Question

Two rods of length ${l_1}$ and ${l_2}$ are made of materials whose coefficients of linear expansion are ${\alpha _1}$ and ${\alpha _2}$. If the difference between the two lengths is independent of temperature, then:
A. $\dfrac{{{l_1}}}{{{l_2}}} = \dfrac{{{\alpha _1}}}{{{\alpha _2}}}$
B. $\dfrac{{{l_1}}}{{{l_2}}} = \dfrac{{{\alpha _2}}}{{{\alpha _1}}}$
C. $l_2^2{\alpha _1} = l_1^2{\alpha _2}$
D. $\dfrac{{\alpha _1^2}}{{{l_1}}} = \dfrac{{\alpha _2^2}}{{{l_2}}}$

Answer 1

Since the change in length of the rods is independent of temperature, the change in length for the both rods will be the same even if they have different coefficient of expansions. Express the change in length of the rods using the expression for linear expansion of the material with respect to temperature. Equate the change in lengths for the two rods.

Formula used:
$\Delta l = {l_1}\alpha \Delta T$
Here, ${l_1}$ is the original length of the rod, $\Delta l$ is the change in length of the rod, $\alpha$ is the coefficient of linear expansion for the rod and $\Delta T$ is the change in temperature.

Complete step by step answer:
We have given that the change in length of the rods is independent of temperature. Therefore, the change in length for the both rods will be the same even if they have different coefficients of expansions.
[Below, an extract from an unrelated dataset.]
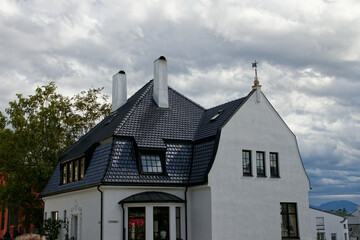 A picturesque white chapel sits beside a quiet cemetery on a grassy hill, with a tranquil fjord and towering mountains in the background. Peaceful, rural, and scenic Nordic setting.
Let us express the equation for the linear expansion of the rod of length ${l_1}$ as follows,
$\Delta {l_1} = {l_1}{\alpha _1}\Delta T$ ……. (1)
Here, ${l_1}$ is the original length of the first rod, $\Delta {l_1}$ is the change in length of the first rod, ${\alpha _1}$ is the coefficient of linear expansion for the first rod and $\Delta T$ is the change in temperature.
Also, for the second rod,
$\Delta {l_2} = {l_2}{\alpha _2}\Delta T$ ……. (2)
Here, ${l_2}$ is the original length of the second rod, $\Delta {l_2}$ is the change in length of the second rod, ${\alpha _2}$ is the linear expansion coefficient of the second rod and $\Delta T$ is the change in temperature.
According to the question, we have,
$\Delta {l_1} = \Delta {l_2}$
Using equation (1) and (2) in the above equation, we get,
${l_1}{\alpha _1}\Delta T = {l_2}{\alpha _2}\Delta T$
Since the temperature change is the same for the rods, we get,
${l_1}{\alpha _1} = {l_2}{\alpha _2}$
$\therefore \dfrac{{{l_1}}}{{{l_2}}} = \dfrac{{{\alpha _2}}}{{{\alpha _1}}}$

So, the correct answer is option A.

Note: The linear expansion of the material is actually expressed as ${l_2} = {l_1} + {l_1}\alpha \left( {{T_2} - {T_1}} \right)$, where, ${l_2}$ is the new length, ${l_1}$ is the original length, $\alpha$ is the coefficient of linear expansion, $T$ is the initial temperature and ${T_2}$ is the final temperature. If the final temperature is greater than the initial temperature, the material tends to increase in its length and if the final temperature is less than the initial temperature, the material undergoes compression.